Of the muscles, the ilio-psoas is of particular importance surgically, on account of its sheath directing the course of the pus in psoas abscess, where the spine is the seat of disease (q.v.). Being extended over the hip-joint, the muscle is sometimes sprained in violent exercise, while d bursa, which lies under the muscle, between it and the thinnest portion of the hip capsule, may become inflamed, necessitating flexion of the hip to relieve it. This bursa may become enlarged in chronic inflammation, and inflammatory processes in it may affect the pelvis. Contraction of the ilio-psoas muscle and consequent flexion of the hip may be caused by renal and caecal irritation, appendicular abscess especially when situated in the pelvis, psoas abscess, inflammation of the bursa, and hip disease.
Rupture of the adductor muscles is not infrequent, especially in horsemen-rider's sprain consisting of a partial tearing of the muscle close to its pelvic attachment, which is frequently accompanied by a considerable effusion of blood, which may form a hard swelling. Ossification sometimes follows such accidents, a bone-rider's bone-some 1 to 3 inches in length, developing in the tendon of the adductor longus or magnus.

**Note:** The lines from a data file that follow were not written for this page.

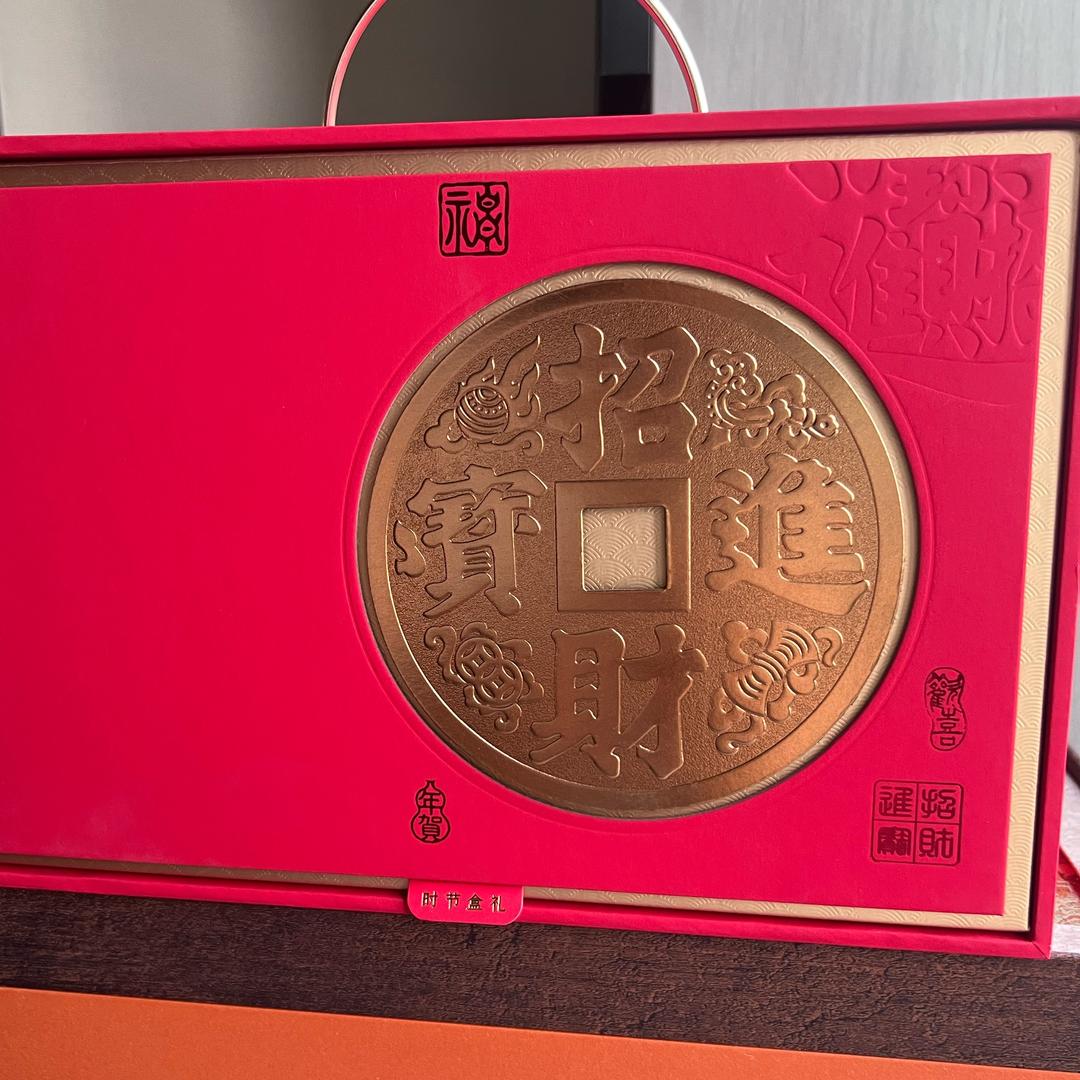 来福茶坊线下10年老店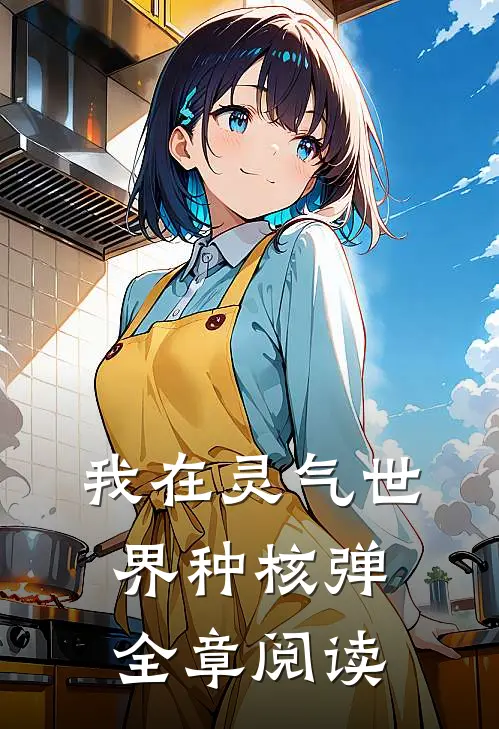 我在灵气世界种核弹全章阅读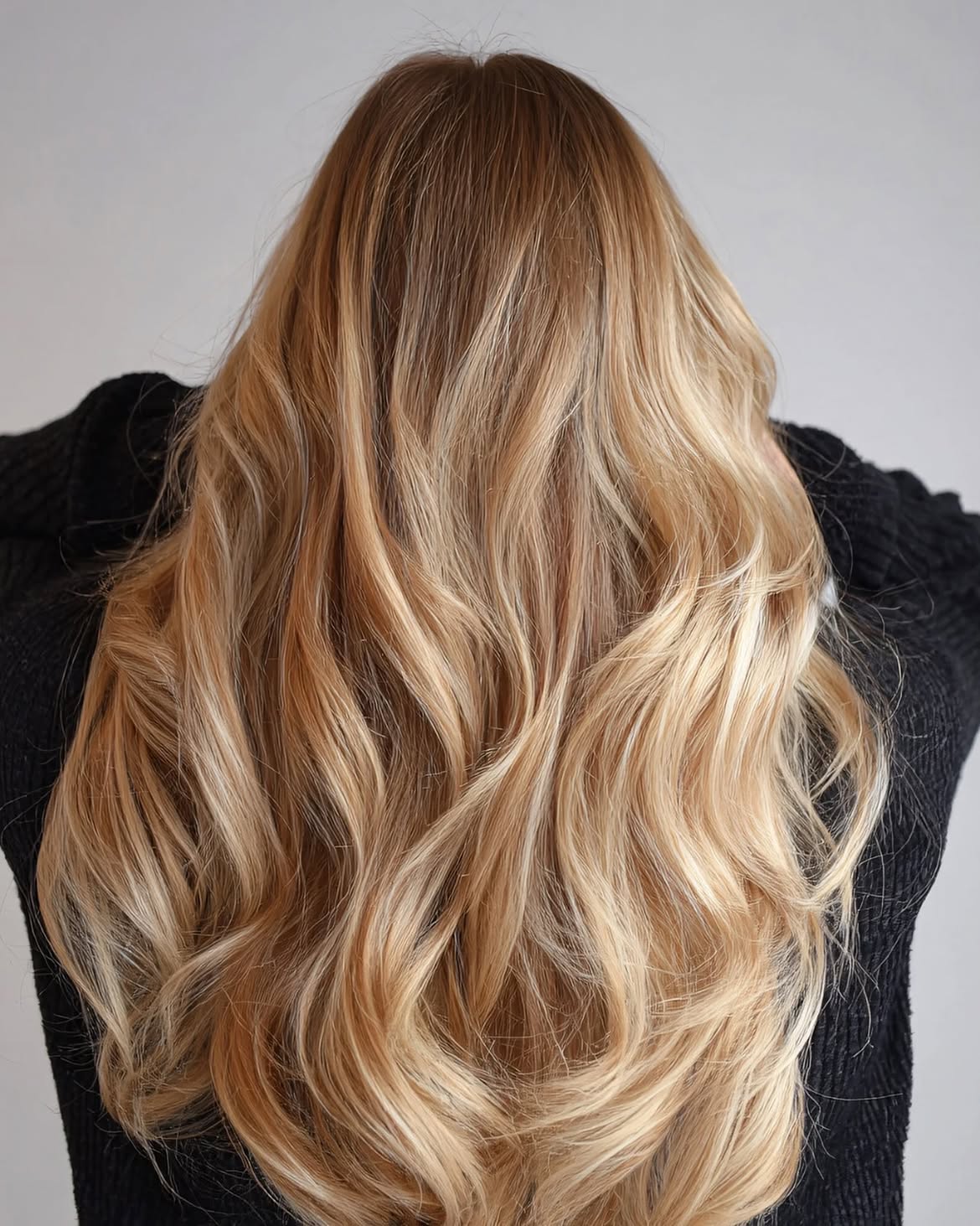 52. Golden Amber Waves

The bturator, or adductor region, of the thigh lies deeply under the base of Scarpa's triangle, being limited by the hip-joint externally, the pubic arch and the perineum internally, the horizontal ramus of the pubis above, and the tuber ischii below. The obturator membrane covers in the foramen, and is covered externally by the obturator externus muscle. In the upper and outer part of the membrane is the aperture Constituting the obturator canal, which, ½ to ¾ inch in breadth, is directed downwards, forwards, and inwards. It is bounded above by the pubic ramus, below by the membrane and the two obturator muscles. Its pelvic orifice is overlaid by parietal pelvic fascia, extraperitoneal tissue, and by the distended bladder, while its orifice on the thigh opens on the deep surface of the pectineus, slightly internal to the femoral vein. The canal lodges some loose fatty tissue, and is traversed by the obturator vessels and nerve, the artery occupying the outer part of the canal, and sending a branch to the hip-joint through the cotyloid notch, and supplying the adductor muscles The nerve arises from the second, third, and fourth lumbar nerves, divides into two branches in the canal, and sends a branch through the cotyloid notch to the hip-joint, supplies the adductor gracilis and obturator externus, and sends a branch to the knee-joint (geniculate branch). A hernia may proceed through the canal, lie beneath the pectineus, and closely simulate a femoral hernia (see Hernia). In addition to the obturator externus and adductor muscles, the gracilis and pectineus form the mass of muscle which occupies this region.